To buttress that statement, the paper cites a 1939 brief by the American Bar Association, which declares that people “need not give up their lawful rights simply because the lawless insist on attacking them. Traditionally, officials must enforce the law the lawful way, not the easiest way.” Thus, the brief says that when people’s rights are threatened by violence:
The only proper remedy for such a situation, small or serious, is the police protection to which citizens are entitled, whether they are singly or in groups.
Trump has called on governors to honor their Constitutional duty to do just that. Yet, instead of educating the public about this vital issue, many media outlets are falsely reporting that Trump wants to “dominate protesters.” Some journalists, like CNN’s Anderson Cooper, have twisted this even further by saying that Trump wants to dominate “black people.”
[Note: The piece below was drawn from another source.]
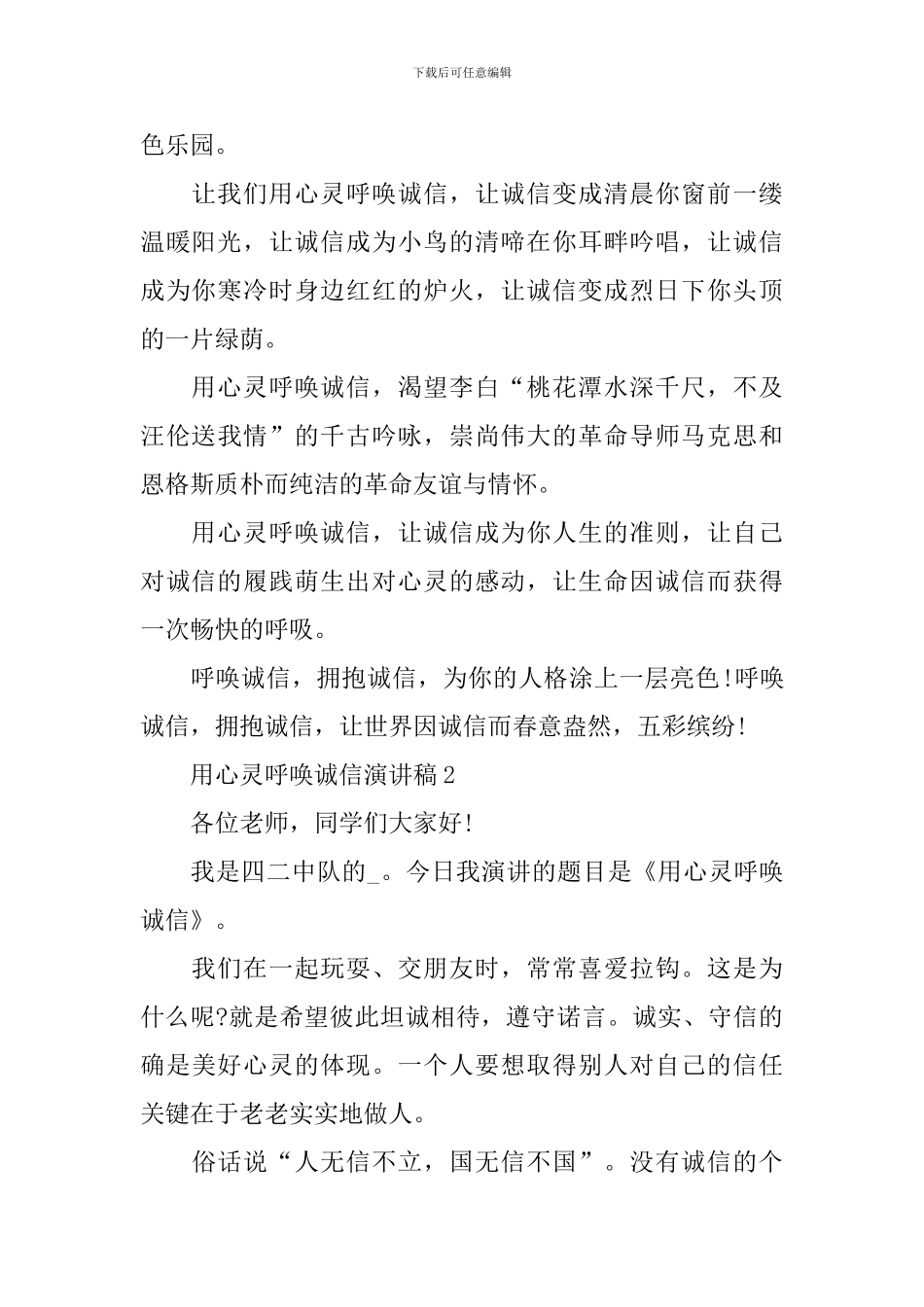 用心灵呼唤诚信演讲稿_第2页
In conjunction with that inflammatory rhetoric, nearly all major media outlets are spreading counterfactual narratives, half-truths, and outright falsehoods about racial inequities.
In his famed “Letter from a Birmingham Jail,” Martin Luther King, Jr. wrote that the first step in achieving justice is to gather “facts to determine whether injustices exist.” Similarly, Abraham Lincoln said, “I have faith in the people. They will not consent to disunion. The danger is, that they are misled. Let them know the truth and the country is safe.” The vast bulk of media is not providing the relevant facts or even a semblance of truth to the people, and this imperils both justice and safety.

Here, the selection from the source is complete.